The Worker SDK allows you to configure parameters of the network stack that workers use to communicate with the Runtime. This gives you control over the trade-off between bandwidth overhead and latency, the upper bound on worker memory usage, and disconnection timeouts. You can even choose whether or not your data is encrypted on the wire.
Each network stack comes with a default set of parameters which we believe should work well in the majority of use cases. This page outlines when and why it’s worth explicitly setting and/or experimenting with different values for these parameters.
Choosing a network stack
First, you need to choose a network connection type to use when creating a connection object. Despite the fact that each network connection type is named after the underlying transport protocol, they each correspond to an entirely different implementation of the network stack. There are three options to choose from, each with their own strengths and weaknesses:
You should use TCP for server-workers by default.
You should not use TCP for client-workers unless efficient use of bandwidth is much more important than latency for your use case.
The RakNet network stack uses the RakNet third-party game networking library for reliable transport. The RakNet reliable transport protocol is built on top of UDP and performs better than TCP on unreliable networks like those which client-workers typically connect over.
You can use RakNet for client-workers to improve latency on unreliable networks.
The KCP network stack uses the KCP third-party library for reliable transport. The KCP reliable transport protocol is also built on top of UDP and is designed specifically to reduce latency on particularly unreliable networks like Wi-Fi and 3G/4G. All data sent over a KCP connection is encrypted using DTLS by default.
The KCP network stack is much more configurable and flexible than TCP and RakNet. You can see this in our guide to configuring the network stack.
We recommend that you use KCP for client-workers to improve latency on unreliable networks. It can be particularly effective for client-workers that connect over wireless networks.
Configuring the network stack
In order to inform your choice of values for various network parameters, you should focus on five key outputs:
|Bandwidth overhead||the amount of data delivered between the worker and the Runtime in addition to your game data||lower is better|
|Throughput||the amount of data delivered between the worker and the Runtime per unit time||higher is better|
|Latency||the time it takes for the data to be delivered between the worker and the Runtime||lower is better|
|Memory usage||the amount of RAM consumed by your worker's connection for network activity||lower is better|
|CPU usage||the amount of CPU time consumed by your worker's connection for network activity||lower is better|
In order to make your networked game interactions feel responsive, you should aim to minimize latency whilst staying within the available bandwidth for your client-worker (which may vary significantly depending on the user’s network setup and ISP). The downstream bandwidth available (from Runtime to worker) to a client-worker is typically much greater than the upstream bandwidth available (from worker to Runtime).

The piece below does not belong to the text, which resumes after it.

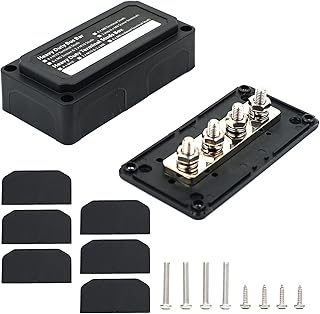48V 300A DC Bus Bars Heavy Duty,BusBar Box,Busbars,12v Distribution Block,4X M8 Terminal Studs Battery Junction Block,4 Studs Bus Bar Distribution Block,Ground Power Terminals for Car RV Boat (Black)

The total amount of data throughput you can achieve with a given amount of available bandwidth is greater if your bandwidth overhead is lower. If the total bandwidth required by your game starts to exceed the client’s available bandwidth, your game data (such as commands and component updates) will be delayed, resulting in a poor user experience.
The effect of different network parameters on performance outputs
|Bandwidth overhead||Latency||Throughput||Memory usage||CPU usage|
|Increasing KCP or TCP flow control window sizes||may decrease||may increase||increases upper bound|
|Increasing KCP or TCP multiplex level||may decrease||may increase||increases upper bound||may increase|
|Increasing KCP minimum retransmission timeout||may decrease||may increase|
|Enabling KCP fast retransmission||may increase||may decrease||may decrease||may increase|
|Enabling KCP early retransmission||may increase||may decrease||may decrease||may increase|
|Enabling KCP non-concessional flow control||may decrease or increase||may decrease or increase|
|Increasing KCP update interval||increases||may increase||increases|
|Enabling KCP erasure coding||increases||may decrease||increases||increases|
|Increasing ratio of KCP erasure codec recovery packets to original packets||increases||may decrease||increases||increases|
|Enabling TCP TCP_NODELAY||may increase||decreases|
Flow control window sizes
Both KCP and TCP allow you to specify flow control parameters. Flow control is a technique employed by transport protocols to control the rate of data transfer in each direction. Flow control windows keep track of how much data has been sent but not yet processed by the receiver.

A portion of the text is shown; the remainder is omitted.